= Niketas David Paphlagon =

Niketas David Paphlagon (Νικήτας Δαβὶδ Παφλαγών), also known as Nicetas the Paphlagonian or Nicetas of Paphlagonia, was a prolific Byzantine Greek writer of the late 9th and early 10th century.

Older scholarship dated Niketas' death to about 890, but more recent research suggests that he was born around 885 and was active as late as 963. He was a disciple of Arethas of Caesarea. In a letter, Arethas calls him a scholastikos, meaning lawyer. "David" appears to be a religious name, which he may have taken later in life. When Arethas, under pressure from Pope Nicholas I, moved to support the tetragamy (Note: The legitimization of Leo VI's son by a concubine after his three marriages failed to produce an heir.) of the Emperor Leo VI, Niketas distributed all his master's goods to the poor and fled to Thrace. He was arrested and imprisoned in Constantinople. The Patriarch Euthymios I secured his release, but forced him to live in seclusion for two years.
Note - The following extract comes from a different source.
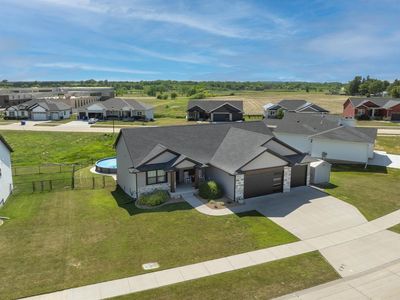 709 Pointer Cir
Niketas was a prolific author on Christian topics. He wrote about fifty hagiographies, a treatise on calculating the end times, a commentary on the Psalms and many other works, including possibly pamphlets against Leo VI and Euthymios. In his commentary, he provides a moral exhortation for every psalm, which was an innovation at the time. He also evinces a strong dislike of musical instruments. His biography of Ignatios of Constantinople functions also as a tract against Photios. It was probably written in the 910s. His biography of Gregory of Agrigento was highly esteemed by Symeon the Metaphrast, who included it in his synaxarium. He was accused of heresy for proclaiming himself God, although this probably means only that he emphasised the divine nature in man.